ADO.net mechanics

  • 12 June 2023
  • 8 replies
  • 171 views

Badge

Hi all,

We’re trying to troubleshoot some thorny networking issues, and I need to know more about how ADO.net data transfer works behind the scenes - specifically for old-school business unit SQL Server data sources, if that makes a difference. 

I know for sure is that data is read from the data source and written into the destination table in the staging database, but I’m fuzzier on what happens between the two places. To start off with, I have two key questions: 

We’re using a tool server to run TimeXtender, and a different server to host SQL Server and the TimeXtender databases. Is data routed through the that tool server when it is read via the ADO.net package? I assume that it is, but we need to know for sure. 

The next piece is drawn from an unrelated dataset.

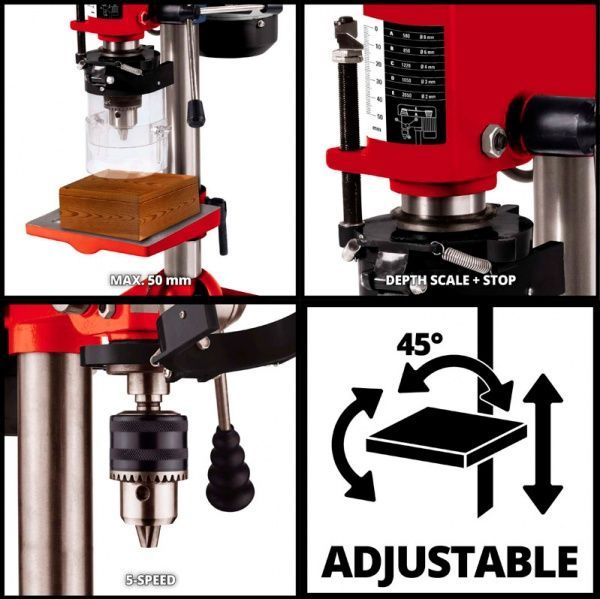 Станок сверлильный Einhell TC-BD 350 4250670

The other question I have is what happens after the data is pulled from the data source? Is it pulled into memory somewhere? If so, where? The source server, the tool server, the destination data server, or some combination of the three? Is the data ever written to disk anywhere before it is written into the destination table? Or does it skip memory/disk altogether via some continues flow of data between the source and destination? 

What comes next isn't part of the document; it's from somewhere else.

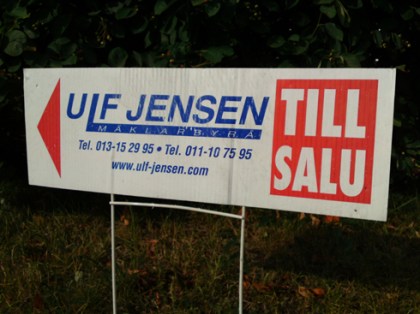 Mäklare till salu!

Based on the fact that TimeXtender appears to first do a SELECT in the source, then an INSERT on the destination, I’m guessing the data is cached in memory in at least one place, probably the tool server, then written to the destination table. But again, we need to be sure in order to understand the issue we’re having, and to be sure that we’re providing enough memory (and/or disk space) for the application to run our execution packages smoothly. 

Thanks in advance for your help!


8 replies

Userlevel 6
Badge +7

Hi @ekw9 ,

as far as I am aware the BU approach using TimeXtender's SQL Server source will run through the Application Server (or Tool Server as you call it). The only way to bypass that is to use ADF-enabled source connectors and the ODX Server.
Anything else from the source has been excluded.